If Stephen Harper agenda succeeds, the result is a diminished Canada, afraid of open-ended questions and speculative science.
This week, after another tumultuous summer of scandal and the third prorogation of his tenure as prime minister, Stephen Harper will deliver his throne speech to Parliament to be read by the Governor General. The advance word has it that the focus of the speech and the legislative agenda it ushers in will be the protection of consumers.
The choice of words is telling. This is a government interested mainly in what Canadians use and spend, and only passionate about those parts of Canada it can develop and sell off. It cares little about Canadians as citizens and even less about protecting Canada’s shared public goods and standing on guard for its natural capital.

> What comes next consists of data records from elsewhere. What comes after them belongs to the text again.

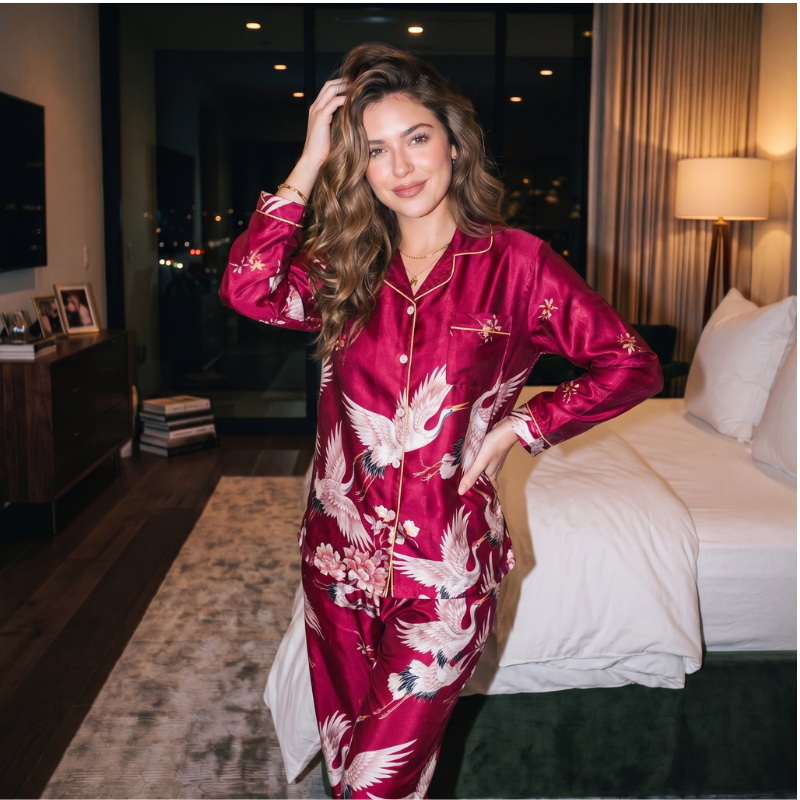 Camicia da notte in seta con spacco laterale sensuale 
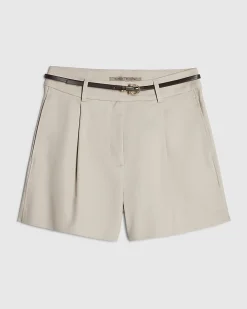 Beige Belted Tailored Shorts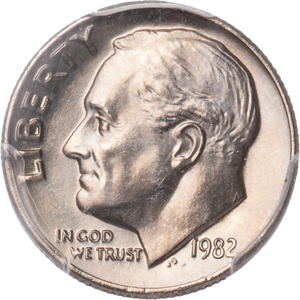 1982 Roosevelt Dime, No Mint Mark (Strong Strike) Main Image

Harper’s true agenda, pretty much all along, has been to dismantle the government’s great traditions of natural science and environmental stewardship, which until recently made Canada a world leader in both fields. This is a government waging a quiet legislative and administrative war on science — especially those fields of science dedicated to gathering and analyzing data on the health of Canada’s natural environment — and it has undone a century of good work with alarming efficiency since the passage of its sweeping omnibus budget bill in June 2012. Whatever is in this week’s throne speech, that budget remains the government’s most forceful statement of intent and clearest articulation of its overarching agenda.